If I have a very anxious patient, I’ll see them for their first follow-up in a few weeks. If I have someone who’s less anxious and pretty calm about it, who understands it and maybe just wanted a second opinion, I’ll usually ask them, ‘when do you think it would be a good time to see me again?’ and then decide together.”

Ringel says it helps to get a series of “data points,” or measurements, particularly in the beginning, in order to determine the rate at which the disease is progressing. “So usually three months is the longest I’ll recommend for a follow-up, but in cases where there’s little to go on, I frequently recommend sooner — especially for the very first visit.”

Keep in mind it’s not always necessary to wait for the next appointment to discuss questions or concerns. Many physicians will address these issues by phone or e-mail between clinic visits.

What to expect

Neurologist David Chad, Director of the MDA/ALS Center at the University of Massachusetts in Worcester, describes the follow-up visit as “a time of fairly intense activity for the patient, caregiver and family.”

These visits often include time spent with a multidisciplinary health care team that can include nurses, neurologists, pulmonologists, physical and/or occupational therapists, nutritionists, speech-language pathologists, social workers and others who evaluate the individual and develop a strategy to manage symptoms in the most effective way possible.

The person with ALS should expect to address several layers of concern at each visit, says Chad, such as:

• How am I doing? How is my breathing status, and is it time to consider noninvasive ventilation? Is it time to consider symptom-control medications or assistive equipment?
• Is there news about a clinical study for which I might be eligible?
• What’s new in the world of ALS care and research?

Follow-up visits also are a time to learn what to anticipate in the future. This might include discussing such things as ventilatory options, feeding tubes, mobility issues and whether the individual’s house can accommodate a wheelchair or other equipment when it becomes necessary.

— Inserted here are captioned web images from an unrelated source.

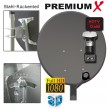 100cm SAT ANTENNE + Twin LNB FULLHD Edision 0,1dB SCHÜSSEL Anthrazit Spiegel 3D HD NEU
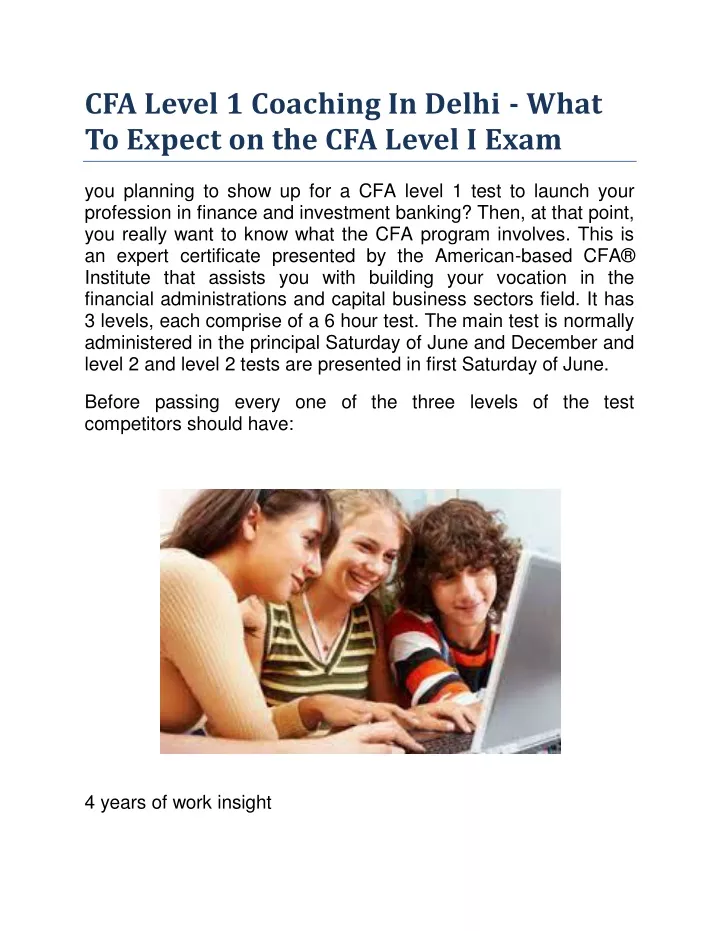 cfa level 1 coaching in delhi what to expect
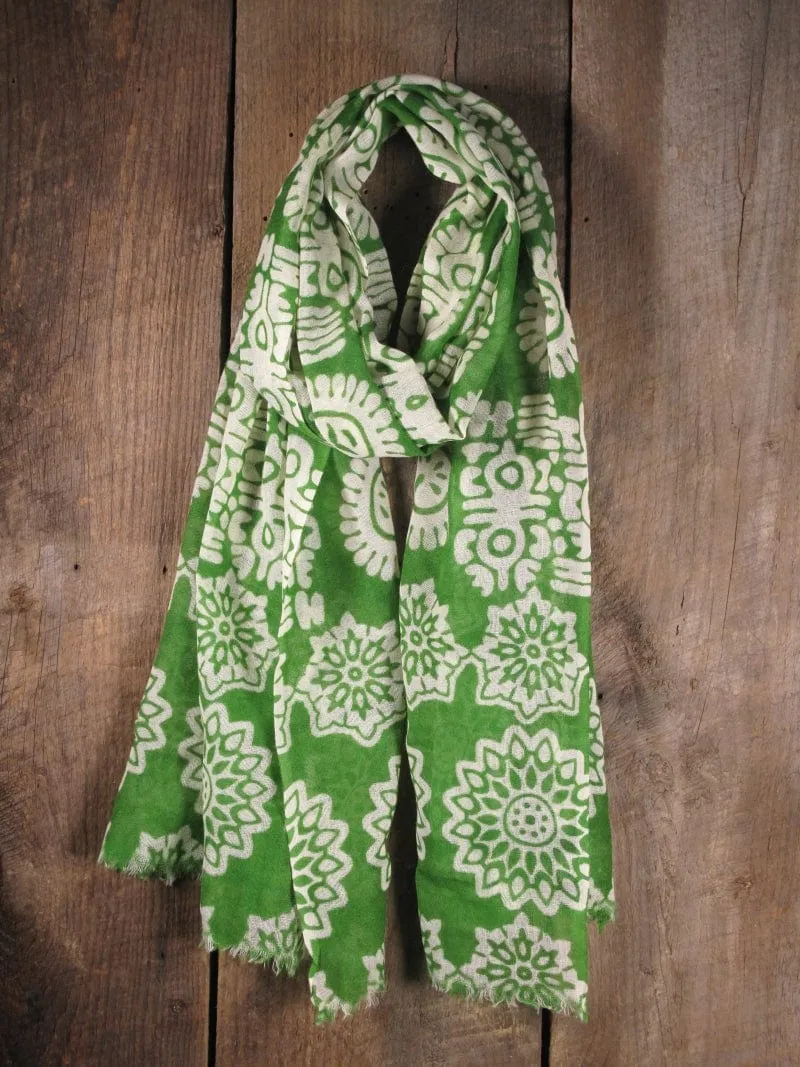 Medallion Print Lightweight 100% Wool Scarf - 8 Colors!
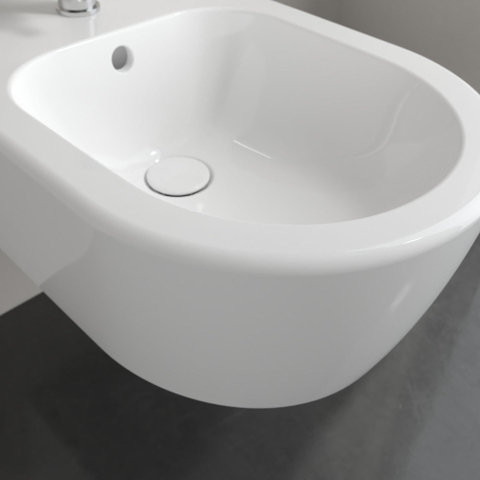 Villeroy & Boch Avento wandbidet - 1 kraangat - met overloop - met verdekte bevestiging - White Alpine (glans wit) SW106448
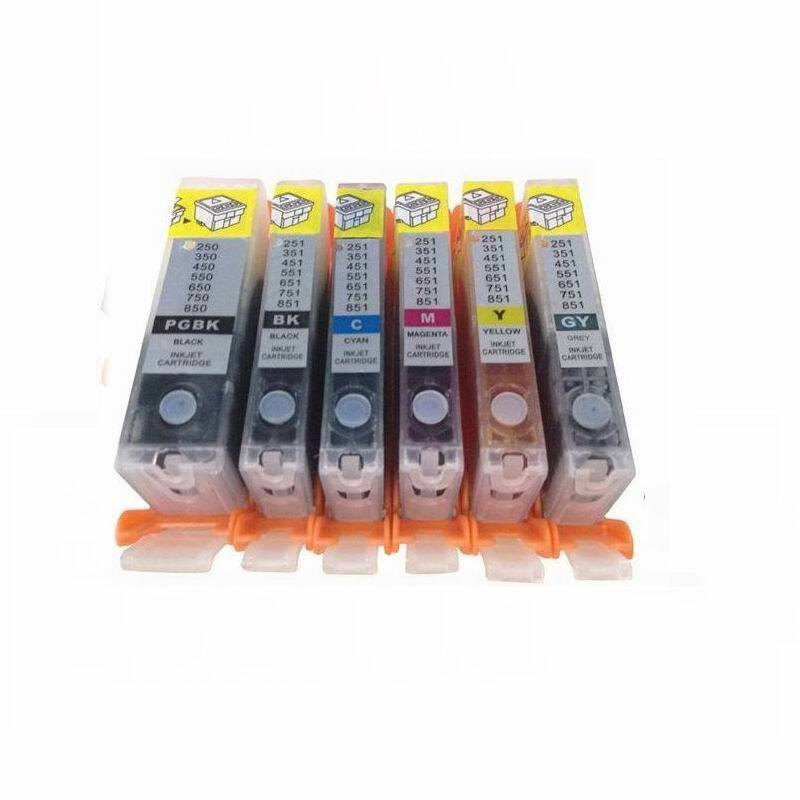 6 PK Canon Edible ink PGI-220 CLI-221 PIXMA iP3600 iP4700 MP640 +GRAY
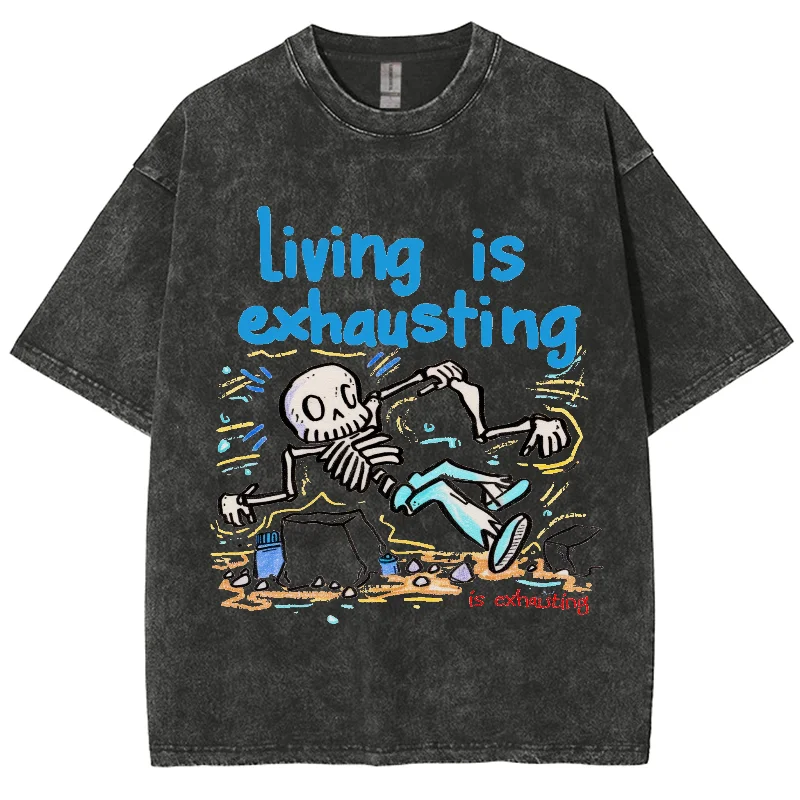 Sad And Scary Skull Bone Print T-Shirt Fashion Designer Trendy New Short-Sleeved High-Gram Weight Round Neck Washed Denim Fabric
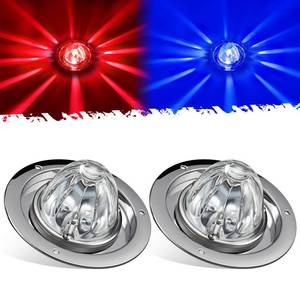 lot 11380 image: Partsam 2Pcs Glass Lens Watermelon Lights Dual Color Red Blue LED Marker Turn Auxiliary Lights with Stainless Steel Bezel and Base Replacement for Peterbilt Freightliner Trucks Trailers RVs Motohomes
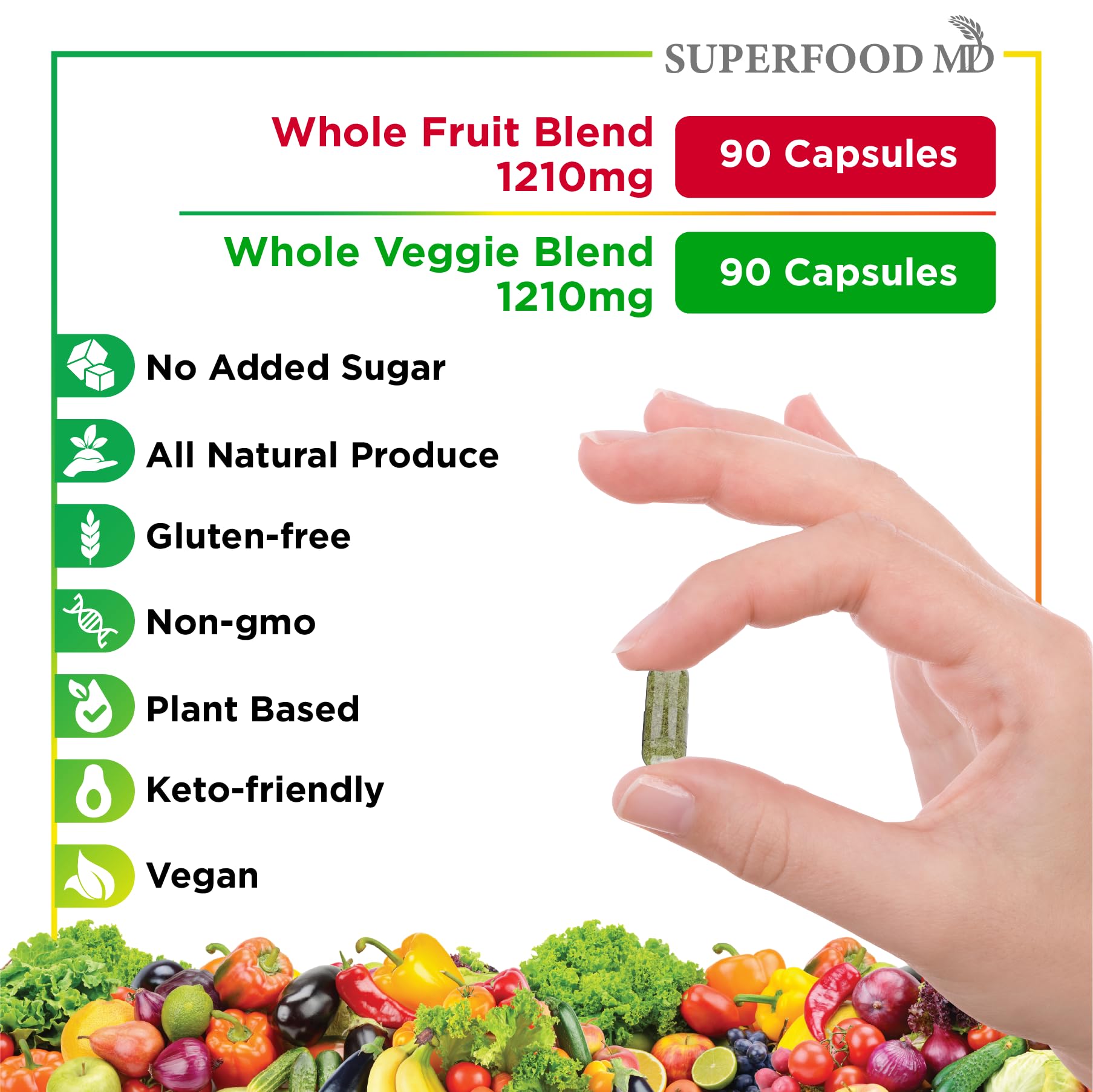 Superfood MD Fruits & Veggies Supplement - Whole Food Natural Superfoods - with Beta Carotene - Soy Free- 90 Count (Pack of 2) Superfood MDAu supplements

Ringel notes that providing an understanding of what may happen down the road allows people time “to adjust and cope.”

A group effort

It’s extremely helpful for family caregivers to attend follow-up clinic visits with their loved ones. ALS affects the entire family, so the more education and understanding everyone has about the disease, the better. Open communication can help ensure that everyone’s needs are met.

In fact, one of the roles of the physician, says Ringel, is understanding who’s filling certain caregiver roles, how they’re doing with it and what, if anything, they want or need to address. This helps ease fears and uncertainty and makes daily living with ALS easier on both the individual with ALS and caregivers.

Cudkowicz suggests the caregiver “ask questions, advocate for the patient, share what’s working in the home (and what’s not), and address concerns and fears.”

Chad confirms that this type of support is crucial. “The caregiver/family member is an integral member of the care team, joining the nurses, doctors and therapists, and working collaboratively to achieve the best possible symptom management.”

Making the most

With so much to gain, making the most of follow-up visits is key.

It’s always a good idea to write down ahead of time the things you want to talk about. Ringel suggests keeping a notebook for that purpose.

In addition, Cudkowicz suggests bringing along a list of medications, and contacting the clinic in advance if you want to schedule an appointment with a particular specialist. She also recommends bringing in any equipment for which you want instruction, or that you want the team to evaluate.

Make sure the ALS team coordinates with your family doctor or any other health care professionals you see on a regular basis. In many cases, the ALS physician will notify your other doctors in writing of the ALS diagnosis; if they don’t do it automatically, make a specific request. MDA health care service coordinators often can facilitate this process.

Says Mitsumoto, “Together we provide some kind of hope, whatever kind of hope we can. We’re making a team — physicians and patients — working together to solve a prob-lem. If everyone feels that way, it can only result in success.”